Abschied von der Politiker-Beleidigung
Wolfgang Kubicki will die FDP personell und inhaltlich neu aufstellen. Der stellvertretende Bundesvorsitzende und Anwärter auf den Parteivorsitz kündigte im „Berlin Playbook Podcast“ von POLITICO an, den Paragrafen 188 des Strafgesetzbuches (Beleidigung von Organen und Symbolen ausländischer Staaten sowie von Regierungs- und staatsbediensteten) abschaffen zu wollen. Dieser sei „drangsalierend“ und wenig hilfreich.
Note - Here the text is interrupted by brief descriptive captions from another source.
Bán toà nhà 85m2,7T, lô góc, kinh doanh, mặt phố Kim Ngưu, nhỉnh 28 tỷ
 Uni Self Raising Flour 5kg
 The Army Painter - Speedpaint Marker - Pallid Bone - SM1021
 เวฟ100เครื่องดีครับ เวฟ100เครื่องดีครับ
Kubicki betonte, er sehe sich nicht primär als Zukunft der FDP, sondern wolle die Zukunft der Partei sichern. Dafür setzt er auf neue Köpfe, insbesondere auf Frauen. Konkret nannte er Linda Teuteberg, Susanne Seehofer, Katja Suding und Maria Westphal als potenzielle Mitglieder seines Präsidiums. Auch Martin Hagen ist als Generalsekretär im Gespräch. Der Bundesvorstand solle künftig sichtbarer werden, um Wähler zu überzeugen.
„Wohlstand wird in der Wirtschaft verdient und nicht beim Staat“, sagte Kubicki weiter und forderte eine Begrenzung staatlicher Eingriffe. Deutschland könne sich in der aktuellen Form den Wohlstand „so nicht mehr leisten“.
Wie lange er selbst an der Spitze bleiben möchte, ließ Kubicki offen. Ein klares Bekenntnis für die nächste Amtszeit vermied er.